Re: knngist - 0.8

Lists: pgsql-hackers
From: Alexander Korotkov <aekorotkov(at)gmail(dot)com>
To: teodor(at)sigaev(dot)ru
Cc: pgsql-hackers(at)postgresql(dot)org
Subject: Re: knngist - 0.8
Date: 2010-07-29 19:38:56
Message-ID: AANLkTinV_HK3CLC6_98coYkorPC75vsdYO7vheTmv5Yd@mail.gmail.com
Views: Raw Message | Whole Thread | Download mbox | Resend email
Lists: pgsql-hackers

I think that queries like this:
select * from test where val <-> 500 < 1 order by val <-> 500;
can also be optimized using knngist. In case of btree_gist this query can be
easily rewritten:
select * from test where val > 499 and val < 501 order by val <-> 500;
But, in pg_trgm it makes it possible to combine different similarity levels
in one query.

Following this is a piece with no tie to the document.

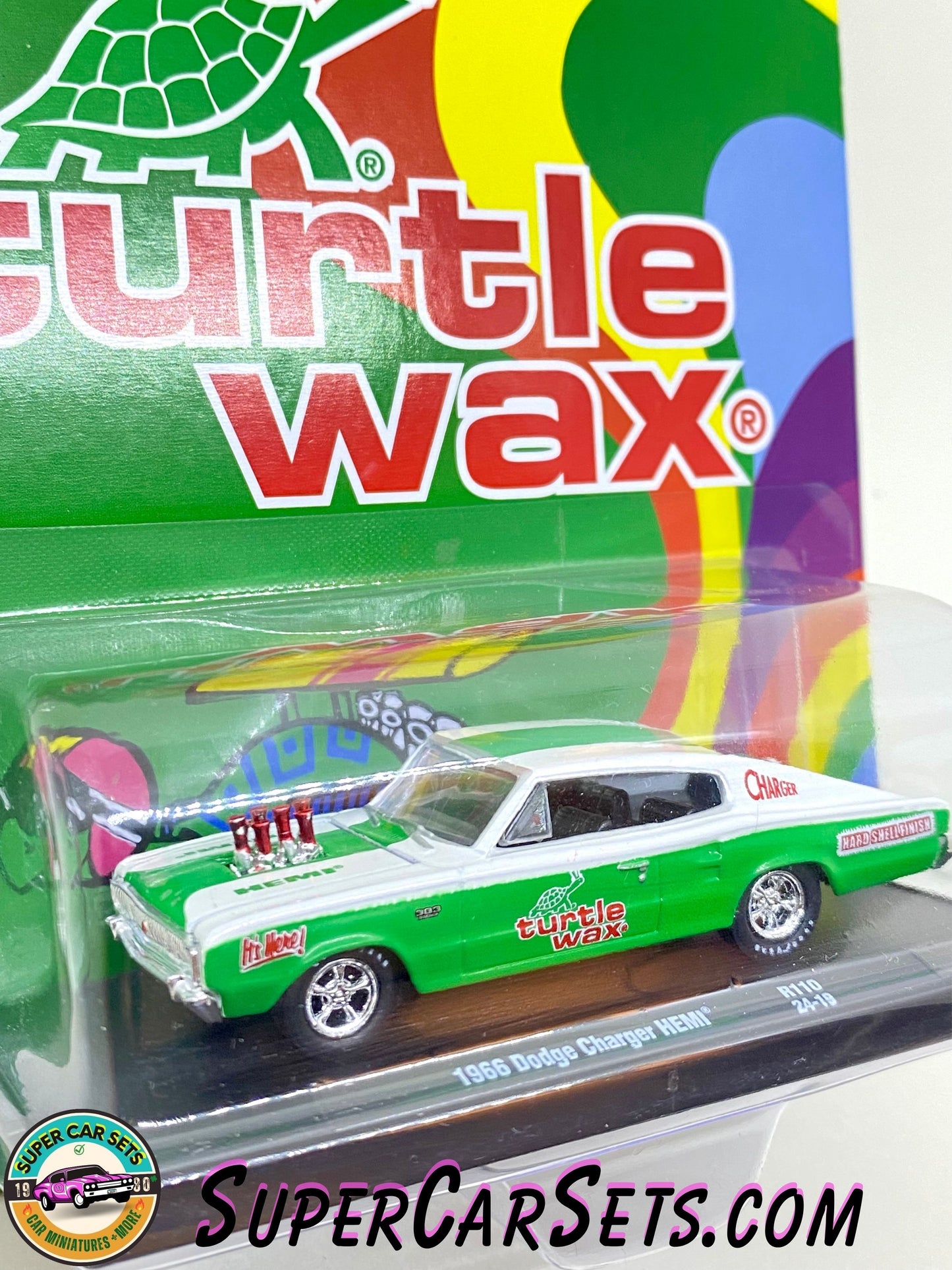 Turtle Wax - 1966 Dodge Charger HEMI (green and white colour) by M2 Machines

For example:
select * from test_trgm order by t <-> 'asdf' < 0.5 or t <-> 'qwer' < 0.4;
Is there any chance to handle this syntax also?

----
With best regards,
Alexander Korotkov.


From: Robert Haas <robertmhaas(at)gmail(dot)com>
To: Alexander Korotkov <aekorotkov(at)gmail(dot)com>
Cc: teodor(at)sigaev(dot)ru, pgsql-hackers(at)postgresql(dot)org
Subject: Re: knngist - 0.8
Date: 2010-08-02 16:14:19
Message-ID: AANLkTinrnxCJDOYiUkBd-yU0J-42_5TquQXCAr+KB4Hp@mail.gmail.com
Views: Raw Message | Whole Thread | Download mbox | Resend email
Lists: pgsql-hackers

2010/7/29 Alexander Korotkov <aekorotkov(at)gmail(dot)com>:
> But, in pg_trgm it makes it possible to combine different similarity levels
> in one query. For example:
> select * from test_trgm order by t <-> 'asdf' < 0.5 or t <-> 'qwer' < 0.4;
> Is there any chance to handle this syntax also?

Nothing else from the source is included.